### The task
Your answer should repeat the entries in full, exactly as given, with no pictures.

Stored records
┄┄┄┄┄┄
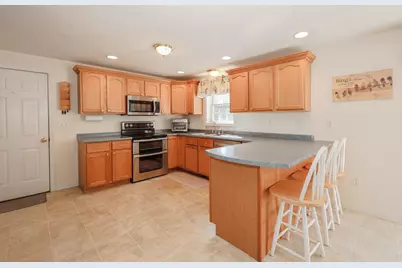 66 Sandy Brook Street, Manchester, NH 03103 - Photo 8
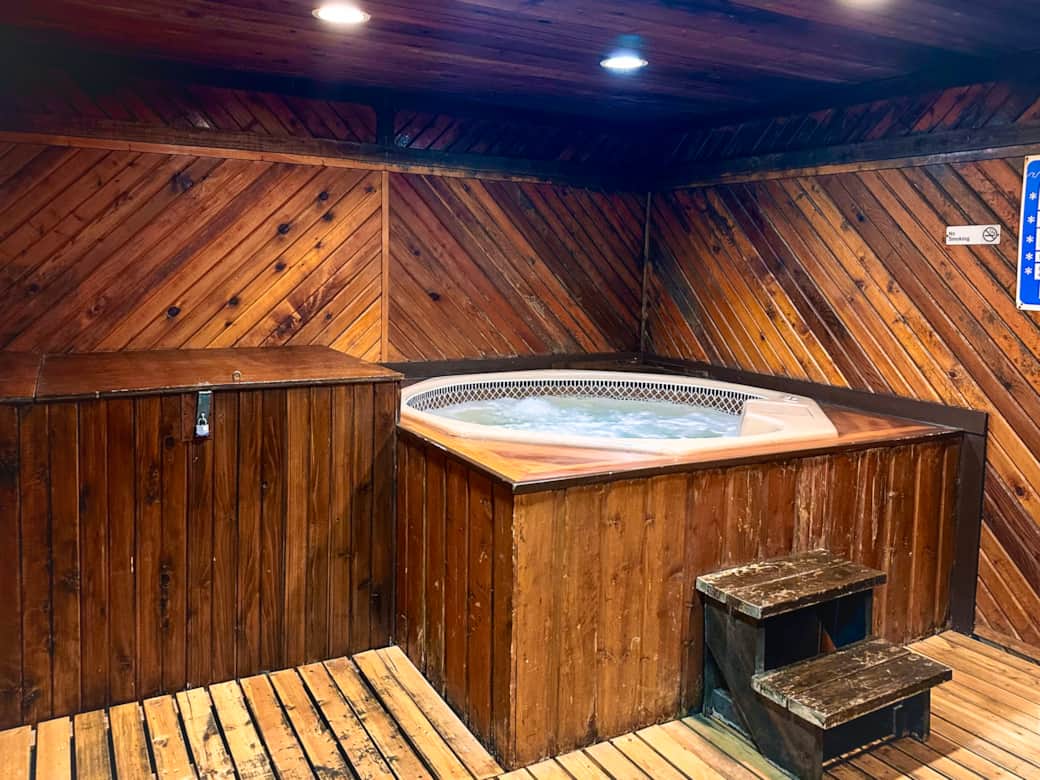 Hot Tub - Shared among 12 units >> Only open during Ski Season << Hot Tub - Shared among 12 units >> Only open during Ski Season <<
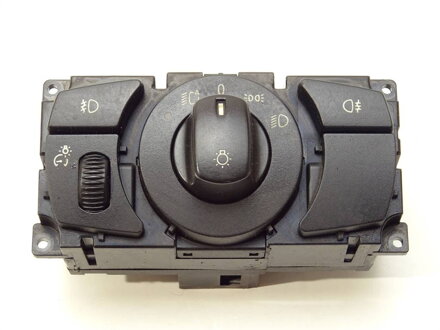 SPÍNAČ SVETIEL NA PRÍSTROJOVEJ DOSKE BMW 5 (E60) 2001 - 2010 6953735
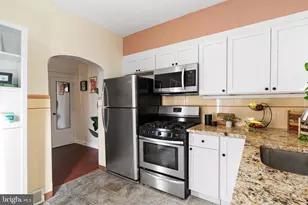1933 S Lambert St, Philadelphia, PA 19145 - Photo 14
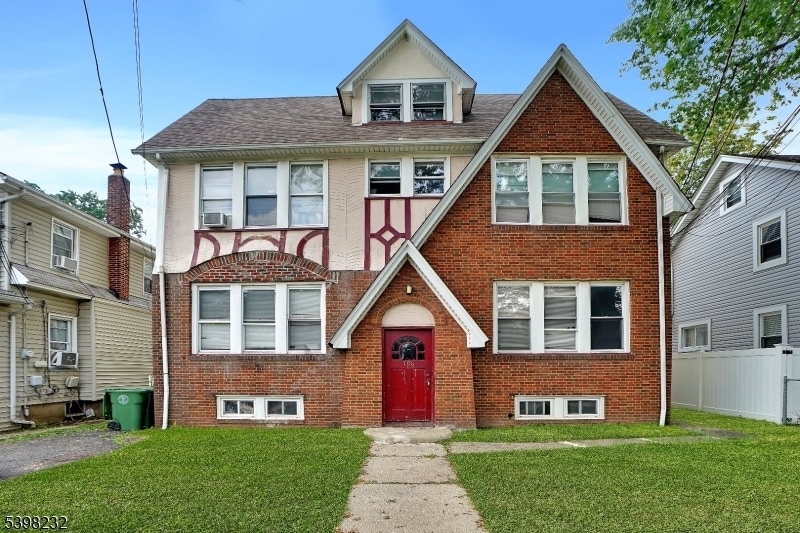 706 Chestnut St in Roselle, NJ - Building Photo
┄┄┄┄┄┄
### Answer box
 66 Sandy Brook Street, Manchester, NH 03103 - Photo 8
 Hot Tub - Shared among 12 units >> Only open during Ski Season << Hot Tub - Shared among 12 units >> Only open during Ski Season <<
 SPÍNAČ SVETIEL NA PRÍSTROJOVEJ DOSKE BMW 5 (E60) 2001 - 2010 6953735
1933 S Lambert St, Philadelphia, PA 19145 - Photo 14
 706 Chestnut St in Roselle, NJ - Building Photo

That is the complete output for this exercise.